Submitted to: Journal of Texture Studies
Publication Type: Peer Reviewed Journal
Publication Acceptance Date: June 17, 1999
Publication Date: N/A
Interpretive Summary: Tenderness is the most important attribute of meat quality. Currently, tenderness is measured from cooked meat using the Warner-Bratzler (WB) shear tester, a standard device recommended by American Meat Science Association. This research was initiated to measure the fundamental shear properties of raw and cooked beef and to determine their relationship with WB tenderness measurement. We performed shear tests on four bovine muscles with three different aging treatments (0, 1, and 2 weeks). Results show that cooking resulted in significant changes in the shear properties of meat, and so did aging and muscle type. Meat tenderness was highly related to the shear properties (force, strain energy, etc.) of cooked meat with the R**2 being as high as 0.65. Lower or insignificant correlations were found between tenderness and shear properties of raw meat, which indicates the difficult to predict tenderness from raw meat. This research also found that WB testing was not effective in measuring tenderness for certain muscles. The findings of this research shall have some important implications in improving existing measurement methods and in developing an effective method to predict tenderness from raw meat.

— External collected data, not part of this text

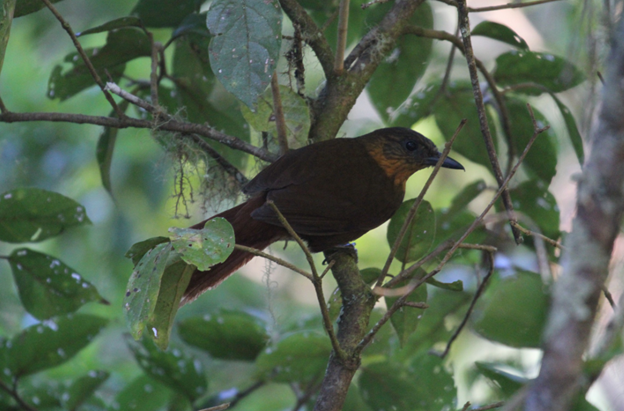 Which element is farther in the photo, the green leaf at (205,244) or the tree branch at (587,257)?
the green leaf at (205,244)

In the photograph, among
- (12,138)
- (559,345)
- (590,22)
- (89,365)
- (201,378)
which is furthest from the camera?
(12,138)

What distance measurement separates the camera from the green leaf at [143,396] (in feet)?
6.76

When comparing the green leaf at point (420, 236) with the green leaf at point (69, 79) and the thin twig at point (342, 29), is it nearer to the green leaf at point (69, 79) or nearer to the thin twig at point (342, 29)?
the thin twig at point (342, 29)

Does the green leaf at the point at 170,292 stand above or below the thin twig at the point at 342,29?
below

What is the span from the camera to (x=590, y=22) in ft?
3.53

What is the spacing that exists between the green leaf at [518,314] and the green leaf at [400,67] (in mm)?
1135

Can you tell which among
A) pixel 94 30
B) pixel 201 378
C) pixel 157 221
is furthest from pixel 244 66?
pixel 157 221

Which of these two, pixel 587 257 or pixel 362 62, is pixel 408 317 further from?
pixel 587 257

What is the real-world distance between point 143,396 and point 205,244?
3.82 feet

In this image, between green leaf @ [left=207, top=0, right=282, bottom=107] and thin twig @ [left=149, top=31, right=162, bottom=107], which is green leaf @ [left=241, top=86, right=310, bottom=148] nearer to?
thin twig @ [left=149, top=31, right=162, bottom=107]

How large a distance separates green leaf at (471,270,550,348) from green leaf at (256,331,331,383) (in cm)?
70

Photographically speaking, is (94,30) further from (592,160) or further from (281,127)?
(592,160)

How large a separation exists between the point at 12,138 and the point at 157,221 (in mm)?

Knowledge of mechanical properties of beef is essential in developing an effective method to predict tenderness and understanding the factors affecting tenderness measurement. The objectives of this research were to evaluate the shear properties of raw and cooked beef and determine how they are related to Warner-Bratzler (WB) tenderness measurement. Shear tests were performed, using a specially designed device, on four muscles, i.e., biceps femoris (BF), longissimus dorsi (LD), semimembranosus (SM), and semitendinosus (ST), with three different aging treatments (0, 1, and 2 weeks). Results showed that raw beef exhibited a nonlinear behavior characterized by linearity at small deformations, stress yield at intermediate deformations, and work hardening at large deformations. Cooked beef had a different nonlinear behavior with the slope of the force-displacement curve increasing with displacement before the peak force. Cooking resulted in a significant, large increase (p=0.01) in maximum shear force and strain energy. The effect of muscle type and aging on shear properties was mostly significant (p=0.05), but with less pronouncement. The maximum shear force of cooked beef was correlated with WB measurement with the R**2 value ranging from 0.65 to 0.34 for LD, SM, and BF except for ST with a R**2 value of 0.10. Correlations of the shear properties of raw meat with WB measurement were low (R**2 was less than 0.36), indicating the difficulty to predict WB tenderness from the shear properties of raw meat.